The output should be the listing below, limited to the lines from the one with "Michael Kors Bradshaw" through the one with "Kids Wooden Sandbox", exact and without pictures.

(Dataset excerpts)

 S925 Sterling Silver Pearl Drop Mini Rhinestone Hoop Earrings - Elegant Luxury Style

(End Dataset excerpts)
(Dataset excerpts)

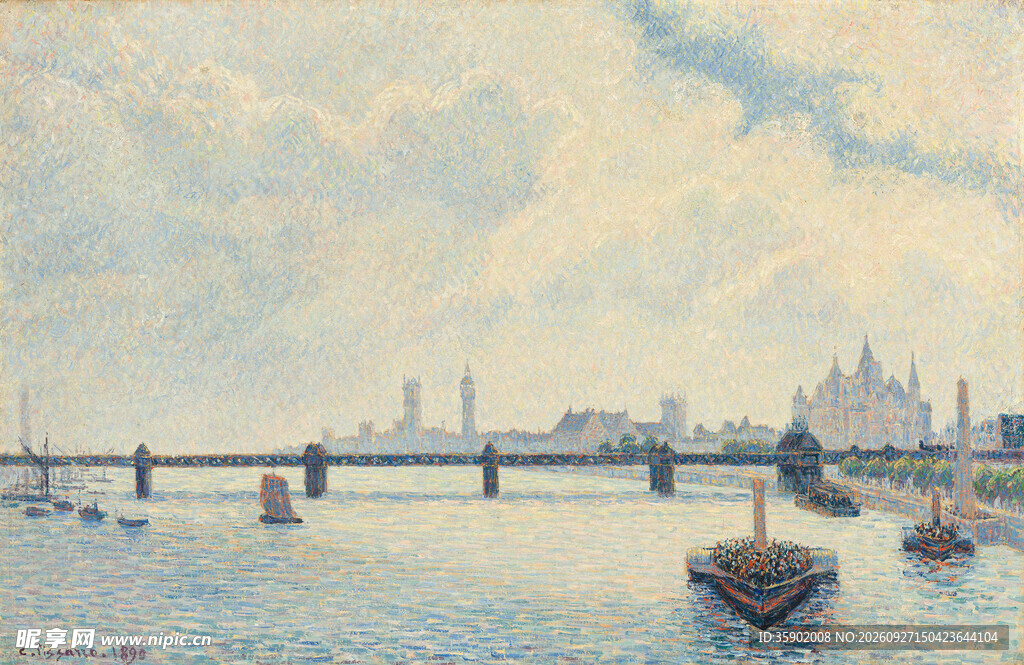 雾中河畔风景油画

(End Dataset excerpts)
(Dataset excerpts)

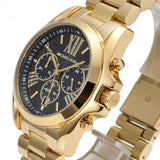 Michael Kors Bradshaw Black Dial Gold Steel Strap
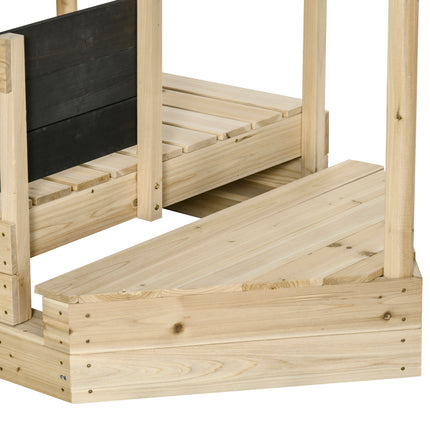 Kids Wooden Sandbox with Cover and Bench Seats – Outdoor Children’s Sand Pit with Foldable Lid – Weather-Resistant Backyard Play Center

(End Dataset excerpts)

_Exercise output_.
 Michael Kors Bradshaw Black Dial Gold Steel Strap
 Kids Wooden Sandbox with Cover and Bench Seats – Outdoor Children’s Sand Pit with Foldable Lid – Weather-Resistant Backyard Play Center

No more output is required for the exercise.